### Raw data
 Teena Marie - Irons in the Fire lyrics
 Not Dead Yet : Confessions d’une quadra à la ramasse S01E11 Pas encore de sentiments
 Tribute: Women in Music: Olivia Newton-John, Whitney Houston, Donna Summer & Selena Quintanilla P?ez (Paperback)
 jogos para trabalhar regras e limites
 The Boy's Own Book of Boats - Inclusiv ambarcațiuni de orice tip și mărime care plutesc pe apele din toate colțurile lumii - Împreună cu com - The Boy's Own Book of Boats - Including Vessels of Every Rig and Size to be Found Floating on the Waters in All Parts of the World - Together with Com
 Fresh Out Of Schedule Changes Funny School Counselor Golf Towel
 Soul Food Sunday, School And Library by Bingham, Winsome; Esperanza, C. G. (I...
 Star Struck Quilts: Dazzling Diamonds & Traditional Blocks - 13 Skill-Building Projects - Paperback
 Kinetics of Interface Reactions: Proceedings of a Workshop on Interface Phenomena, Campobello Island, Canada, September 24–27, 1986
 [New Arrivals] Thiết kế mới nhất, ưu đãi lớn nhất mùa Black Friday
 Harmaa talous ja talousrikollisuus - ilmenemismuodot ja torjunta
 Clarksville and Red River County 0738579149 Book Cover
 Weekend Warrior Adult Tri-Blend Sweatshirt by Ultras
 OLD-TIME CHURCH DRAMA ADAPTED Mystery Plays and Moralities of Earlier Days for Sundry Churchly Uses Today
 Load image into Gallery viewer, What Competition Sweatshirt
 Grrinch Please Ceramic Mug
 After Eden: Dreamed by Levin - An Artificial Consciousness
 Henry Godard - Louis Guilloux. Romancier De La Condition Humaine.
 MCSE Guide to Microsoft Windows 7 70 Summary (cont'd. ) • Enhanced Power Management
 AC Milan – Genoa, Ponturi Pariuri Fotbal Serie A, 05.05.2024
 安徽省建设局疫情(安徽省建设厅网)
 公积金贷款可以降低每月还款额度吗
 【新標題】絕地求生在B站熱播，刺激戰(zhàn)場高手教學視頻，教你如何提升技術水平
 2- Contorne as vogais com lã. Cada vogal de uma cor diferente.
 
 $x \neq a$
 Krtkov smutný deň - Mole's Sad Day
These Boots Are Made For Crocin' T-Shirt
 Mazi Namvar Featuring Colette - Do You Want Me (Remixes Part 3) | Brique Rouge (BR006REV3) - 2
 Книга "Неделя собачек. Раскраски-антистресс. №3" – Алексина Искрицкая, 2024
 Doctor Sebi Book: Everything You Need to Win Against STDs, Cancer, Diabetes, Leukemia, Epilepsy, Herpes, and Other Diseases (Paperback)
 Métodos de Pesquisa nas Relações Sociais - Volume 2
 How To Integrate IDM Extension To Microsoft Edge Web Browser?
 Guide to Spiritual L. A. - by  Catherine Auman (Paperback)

### Work order
Beginning at the opening line of the data, transcribe each line exactly until you reach the line with "jogos para trabalhar regras e limites", which you also include, and go no further.

### Task solution
 Teena Marie - Irons in the Fire lyrics
 Not Dead Yet : Confessions d’une quadra à la ramasse S01E11 Pas encore de sentiments
 Tribute: Women in Music: Olivia Newton-John, Whitney Houston, Donna Summer & Selena Quintanilla P?ez (Paperback)
 jogos para trabalhar regras e limites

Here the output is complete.